Berdasarkan uraian di
atas, maka makalah ini mencoba untuk membahas tentang Pemanfaatan
Kulit Buah Kopi Sebagai Pakan Ternak Ruminansia.
B. Permasalahan
Kulit kopi salah satu limbah yang selama ini sering terbuang
begitu saja, dimana kulit kopi
dapat dimanfaatkan dan berpotensi sebagai bahan pakan ternak ruminansia.
Akan tetapi kulit buah kopi memiliki serat kasar yang tinggi sehingga memiliki
tingkat kecernaan yg rendah, maka dari itu sebelum diberikan kepada ternak maka
sebaiknya dilakukan pengolahan terlebih dahulu.
PEMBAHASAN
A.
Gambaran
Umum Kopi
Kopi merupakan salah satu jenis tanaman perkebunan
yang sudah lama dibudidayakan dan memiliki nilai ekonomis yang lumayan tinggi.
Konsumsi kopi dunia mencapai 70% berasal dari spesies kopi arabika dan 26% berasal
dari spesies kopi robusta (Rahardjo, 2012).
Hingga saat ini belum diketahui dengan pasti sejak
kapan tanaman kopi dikenal dan masuk dalam peradaban manusia.
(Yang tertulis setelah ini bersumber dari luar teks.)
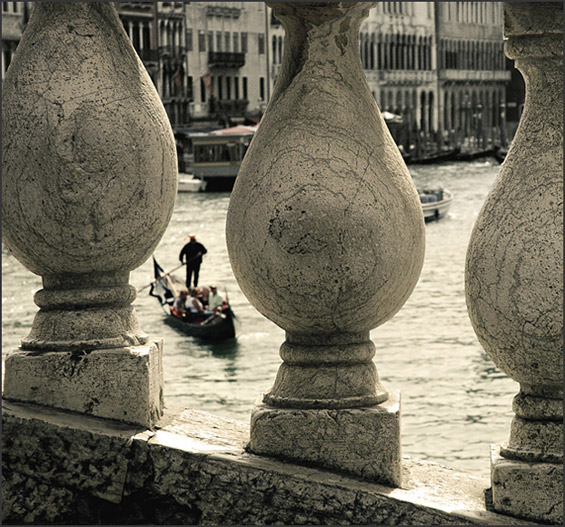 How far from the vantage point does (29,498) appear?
243cm

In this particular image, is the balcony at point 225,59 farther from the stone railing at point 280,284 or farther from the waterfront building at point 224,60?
the stone railing at point 280,284

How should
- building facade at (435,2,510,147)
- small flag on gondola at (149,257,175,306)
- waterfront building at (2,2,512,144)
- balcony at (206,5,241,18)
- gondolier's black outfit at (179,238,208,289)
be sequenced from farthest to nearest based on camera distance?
building facade at (435,2,510,147)
balcony at (206,5,241,18)
waterfront building at (2,2,512,144)
gondolier's black outfit at (179,238,208,289)
small flag on gondola at (149,257,175,306)

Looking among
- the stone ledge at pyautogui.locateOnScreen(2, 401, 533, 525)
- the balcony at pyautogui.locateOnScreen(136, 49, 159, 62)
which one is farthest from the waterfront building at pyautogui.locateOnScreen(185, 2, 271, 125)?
the stone ledge at pyautogui.locateOnScreen(2, 401, 533, 525)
Menurut catatan
sejarah, tanaman ini mulai dikenal pertama kali di benua Afrika tepatnya di
Ethiopia. Pada mulanya tanaman kopi belum dibudidayakan secara sempurna oleh
penduduk, melainkan masih tumbuh liar di hutan-hutan dataran tinggi (Najiyati dan
Danarti, 1997).
Kopi memiliki istilah yang berbeda-beda. Pada
masyarakat Indonesia lebih akrab dengan sebutan kopi di Inggris dikenal coffee,
Prancis menyebutnya cafe, Jerman menjulukinya kaffee, dalam
bahasa Arab dinamakan quahwa. Sejarah kopi diawali dari cerita seorang
penggembala kambing Abessynia yang menemukan tumbuhan kopi sewaktu ia
menggembala, hingga menjadi minuman bergengsi para aristokrat di Eropa (Rahardjo, 2012).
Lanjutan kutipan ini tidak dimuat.